Consistent with the reduction in body weight, the db/db mice had smaller brown adipocytes with berberine treatment, and they accumulated substantially less lipids in the brown fat. The number of mitochondria was increased as observed by means of transmission electronic microscopy after berberine treatment.

Berberine treatment induced the activation of a network of genes controlling energy expenditure and thermogenic program in BAT. The expression of several transcription factors, including PGC-1-alpha, estrogen-related receptor-alpha and nuclear respiratory factor 1, was strongly activated in the BAT of berberine-treated mice.

The expression of the UCP1 and other classical BAT marker genes, such as CIDEA, COX8b and lsdp5, were strongly induced, and the expression of genes controlling fatty acid oxidation and components of the mitochondrial electron transport chain were also enhanced.

Western blot analysis indicated that UCP1, PGC-1-alpha, phosphorylation of AMPK, and other important proteins expression were enhanced by berberine treatment.

When fractionated and differentiated primary BAT adipocytes were treated with berberine and the patterns of thermogenic gene expression were assessed, “messenger RNA and protein expression of known BAT markers were robustly increased to a high level in the BBR-treated group,” the researchers wrote, suggesting that berberine could function as an activator of thermogenic programming and increase the activity of BAT.

Increased Browning

The series of studies also demonstrated that berberine regulates UCP1 transcription through AMPK/PGC-1-alpha.

To elucidate the mechanism of increased browning in inguinal white adipose tissue and UCP1 activation, the researchers used differentiated multi-potent C3H10T1/2 adipocytes as a cell model.
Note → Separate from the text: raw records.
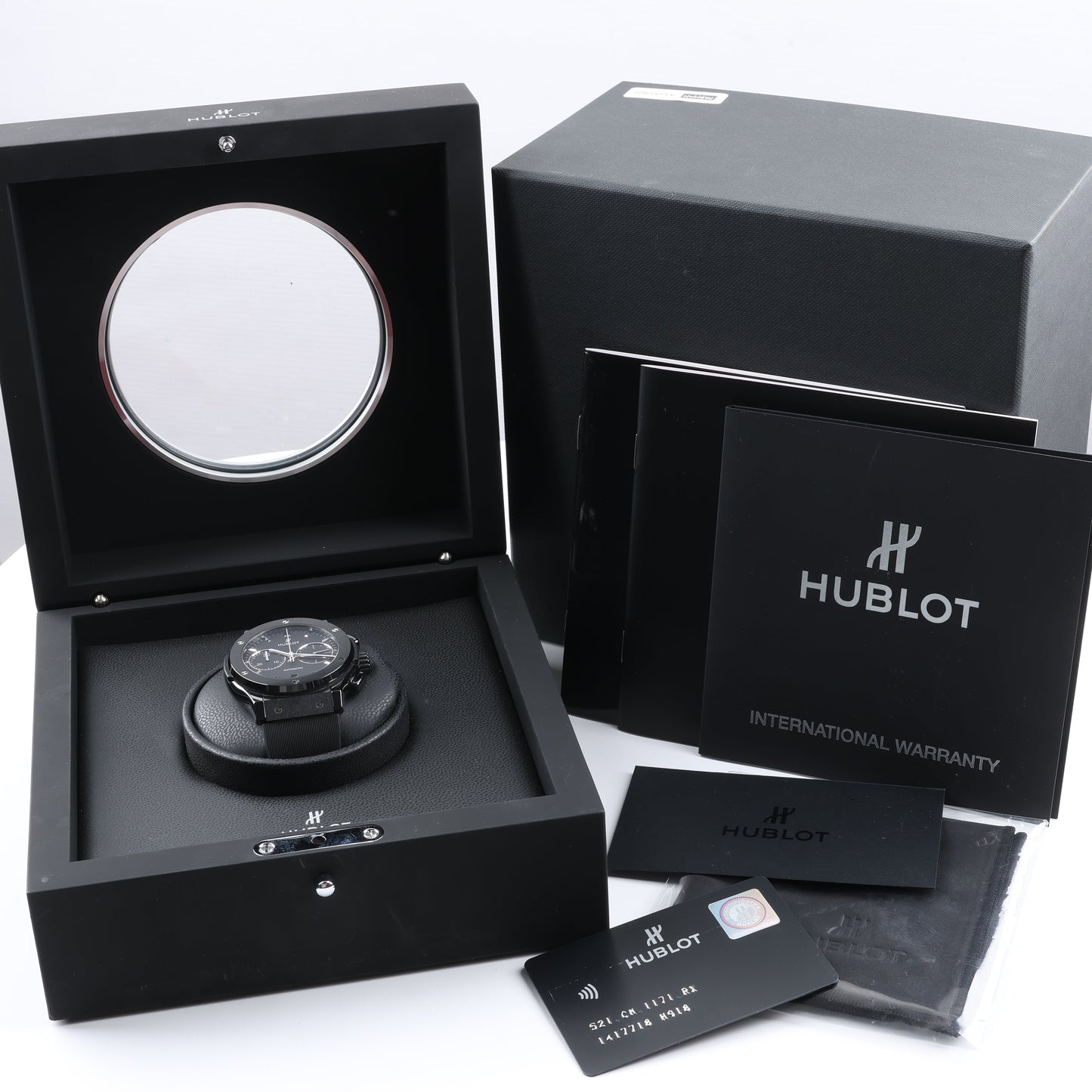 Hublot Classic Fusion Black magic 521.CM.1171.RX 1417718 Ti & CE & rubber AT Black Dial Watch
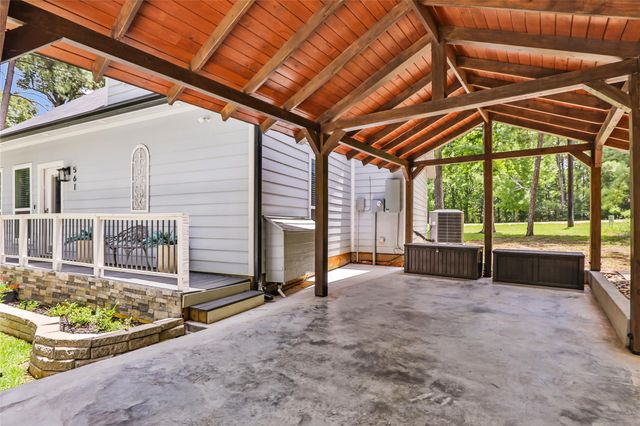 561 N Royale Greens Drive, Coldspring, TX 77331
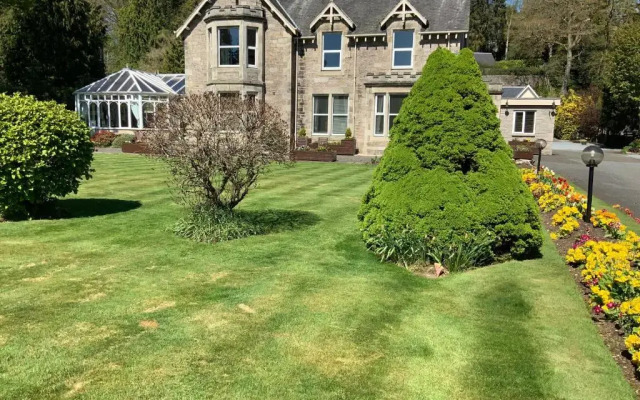 Claymore Guest House and Apartments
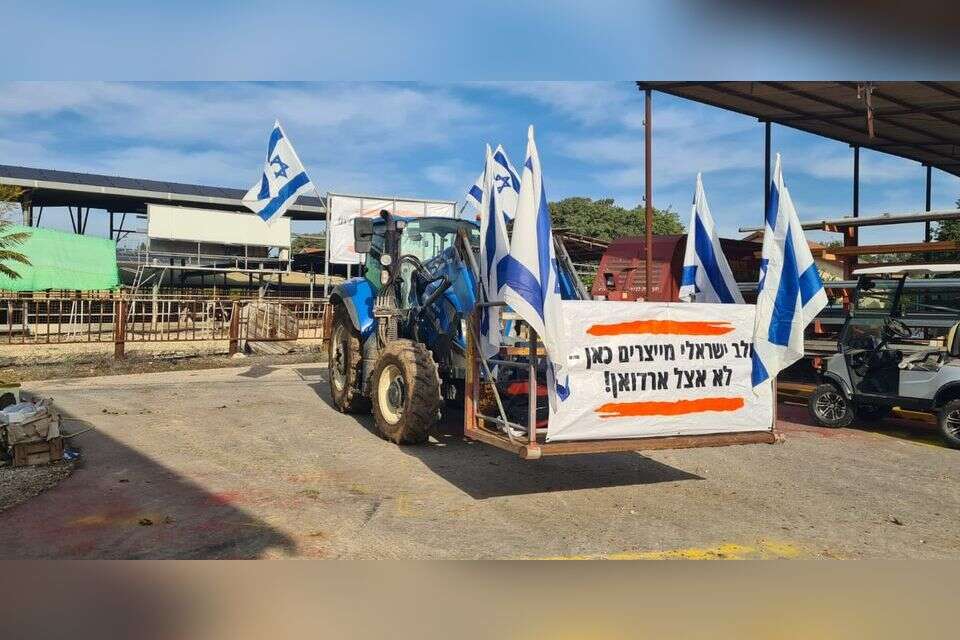 Struggle for the reform: The Dairy Council petitioned the High Court against the Settlements Law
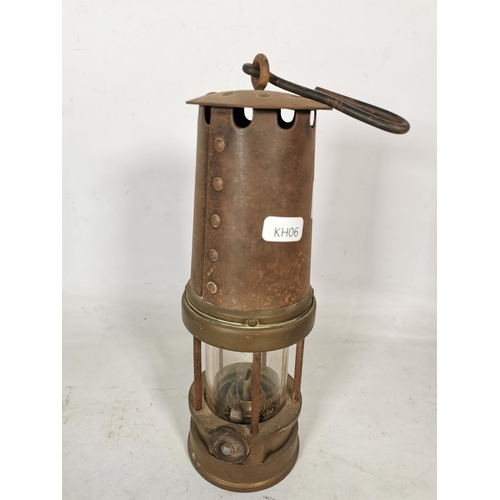 374 - A vintage brass miners lamp - approx. 26cm high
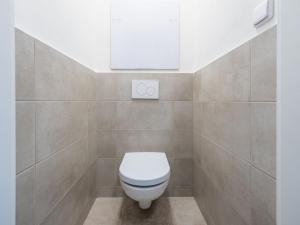 Pronájem bytu 2+kk, Praha - Bohnice, Poznaňská, 43 m2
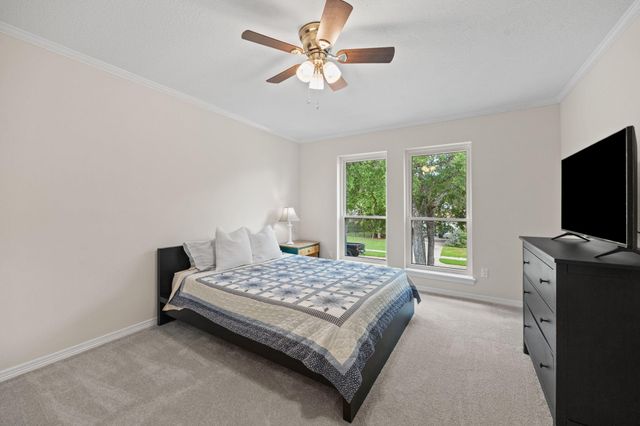 2211 Walnut Grove Lane, Richmond, TX 77406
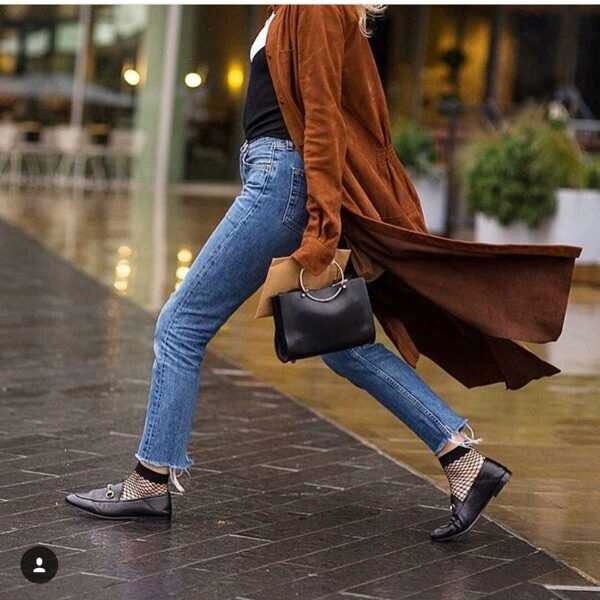 天哪！这么多杂志上看到的大牌热门包，她居然都有！羡慕！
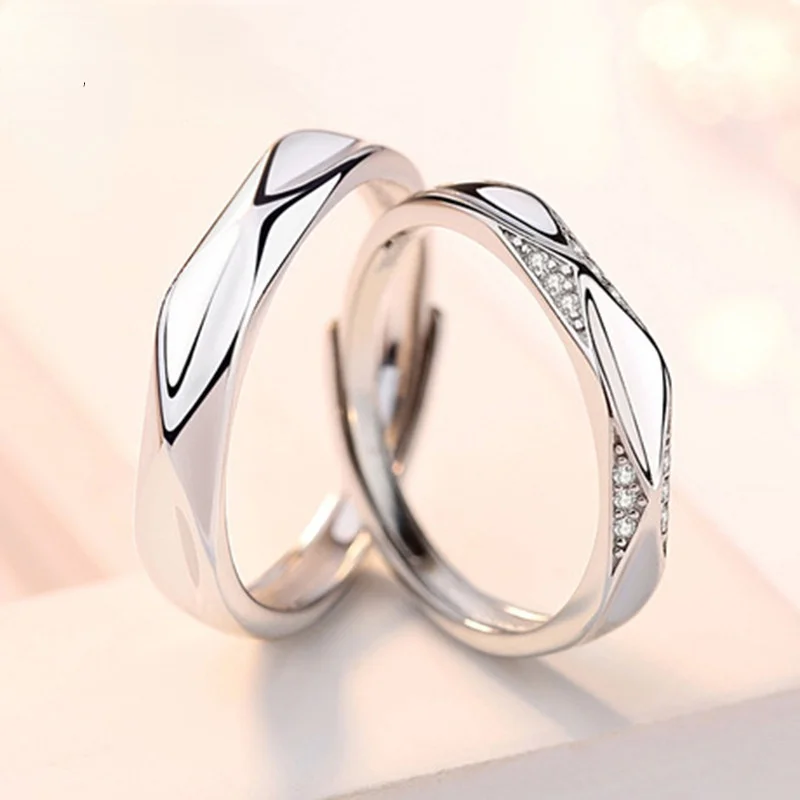 Romantic Love S925 Sterling Silver Couple Rings for Men and Women, Japanese and Korean Simple Niche Design Luxury Ring
Romantic Love S925 Sterling Silver Couple Rings for Men and Women, Japanese and Korean Simple Niche Design Luxury Ring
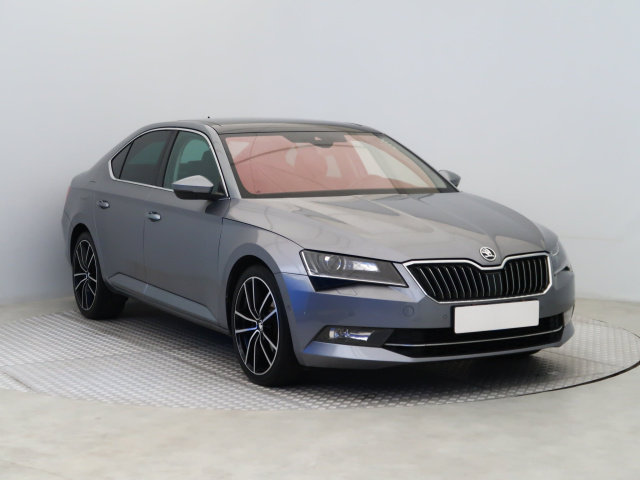 Škoda Superb 2015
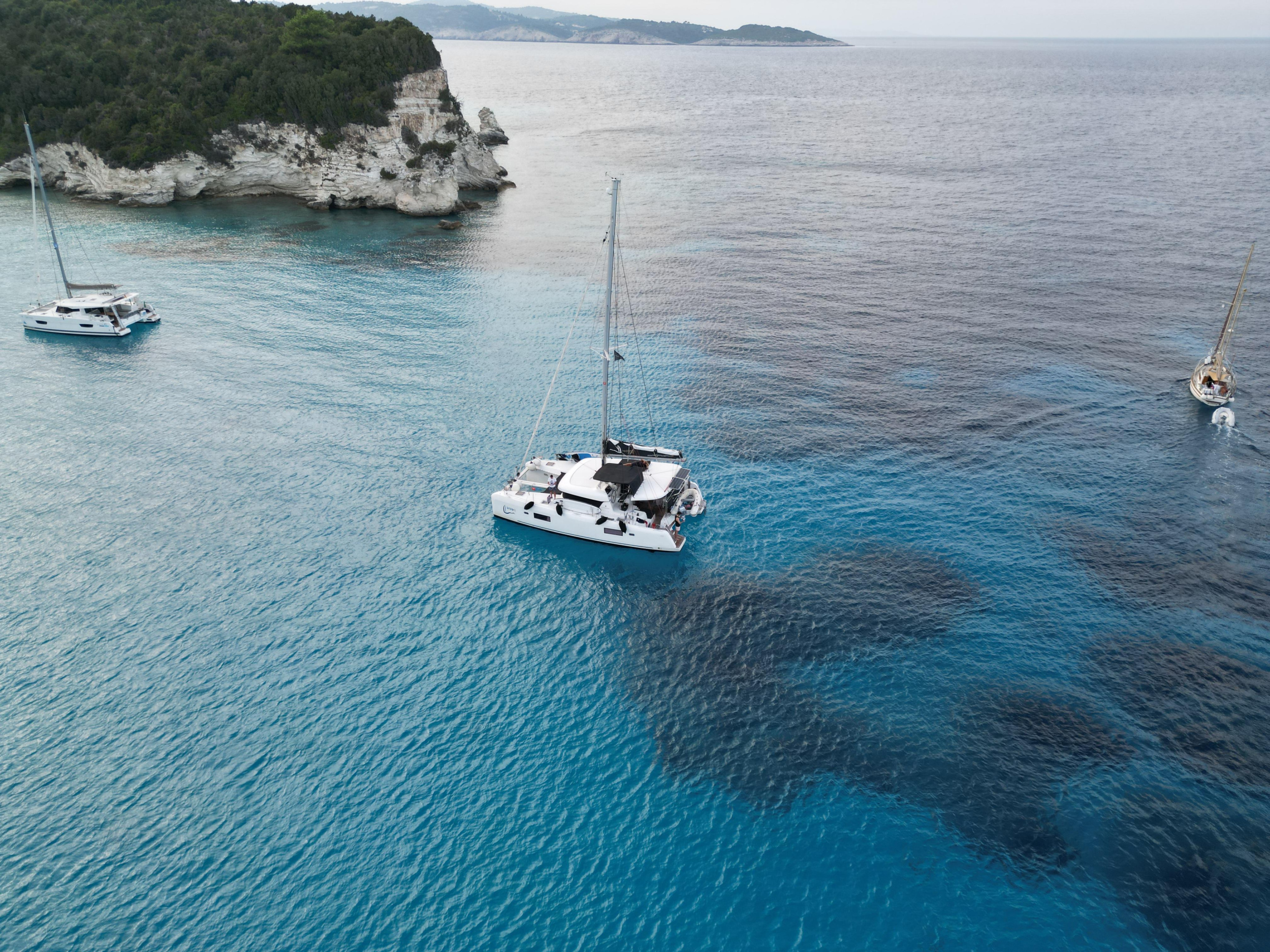 Lagoon 42 — photo 19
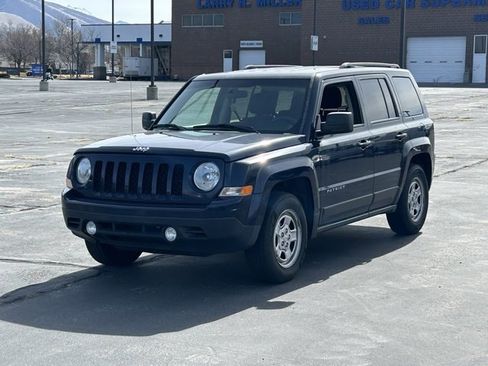 Used 2015 Jeep Patriot Sport w/ Power Value Group image 7
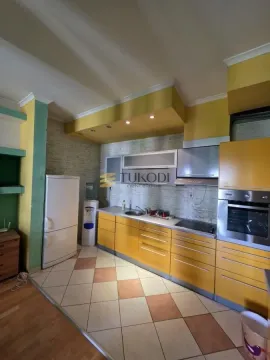 Kuhinja sa žutim elementima i ugradnim kućnim aparatima. - image 6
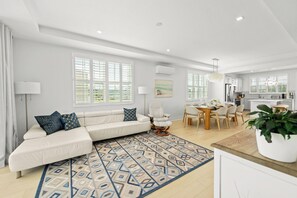 تلفزيون ذكي، مكتب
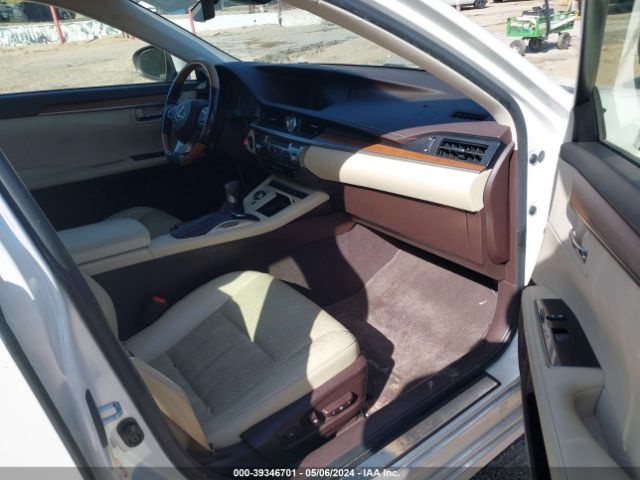 JTHBK1GGXG2227835 Lexus ES 350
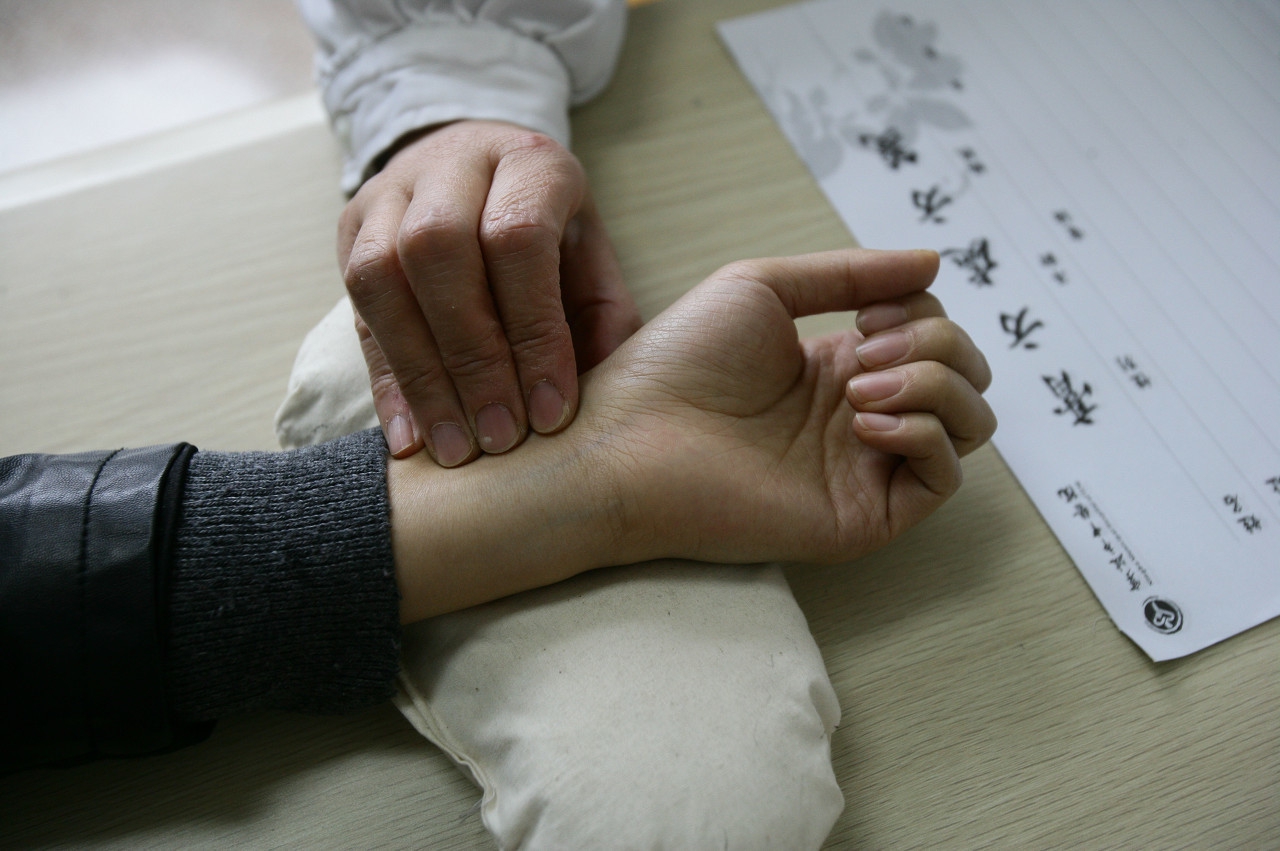 经络不通淤堵会头晕目眩,身体有寒经络不通最好的方法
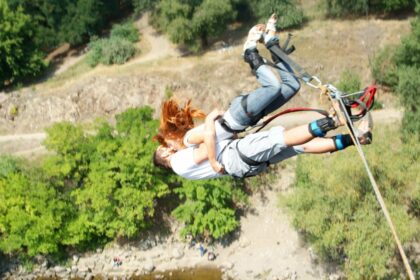 Установите Leapmotor в одиночку и получите бесплатный прыжок с тарзанки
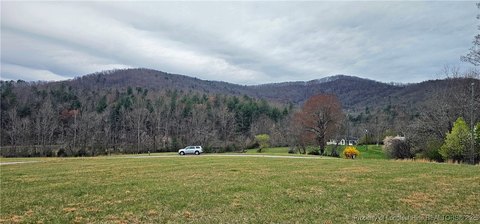 Picturesque Mountain View Building Lot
When they stained differentiated C3H10T1/2 adipocytes with UCP1 antibody they noted strong staining in the cytoplasm of the berberine group, which was further verified by immunoblotting.

When they stained adipocytes with a red fluorescent dye that stains mitochondrial mass, known as Mito-Tracker Red, they found significantly strong Red stain in the cytoplasm of berberine-treated cells.

These and similar investigations suggested that berberine activates AMPK and recruits PGC-1-alpha to the UCP1 promoter, inducing UCP1 expression.

The series of experiments also revealed that AMPK in the ventromedial nucleus of the hypothalamus (VMH) is not necessary for berberine’s effect on the thermogenic program and body weight.

“We have demonstrated BBR could regulate a thermogenesis program in both BAT and [white adipose tissues], and these effects are AMPK/PGC-1-alpha dependent,” the researchers wrote. “Our data establish BBR as having a previously unrecognized role in increasing energy expenditure, which might have a therapeutic role in the treatment of obesity.”

The researchers noted that it is possible VMH AMPK is not involved in berberine’s thermogenic effect because berberine showed robust induction in thermogenic program in primary brown and white adipocytes in their experiments.

“However, we could not exclude the possibility that another nuclei of hypothalamus, such as arcuate, or another part of brain, participated in the thermogenic program induced by BBR, which needs to be studied further,” Ning and colleagues wrote.

“Combined with our work, BBR could activate and expand the thermogenic machinery in vivo to provide a robust defense against obesity. We reveal the molecular target and mechanism by which BBR potently regulated the transcription of UCP1 in brown and white adipocytes through AMPK activation and PGC-1-alpha recruitment. These findings establish an important role for BBR in regulating adipose tissue thermogenesis and white adipose plasticity towards BAT, and we identify BBR as a new potential drug for treating patients with obesity.”

The study was funded by the National Natural Science Foundation, the Shanghai Municipal Education Commission, and the Shanghai Education Development.

The researchers disclosed no relevant relationships with industry.

Primary source: Nature Communications
Source reference: Zhang Z, et al “Berberine activates thermogenesis in white and brown adipose tissue” Nature Comm 2014; DOI: 10.1038/ncomms6493.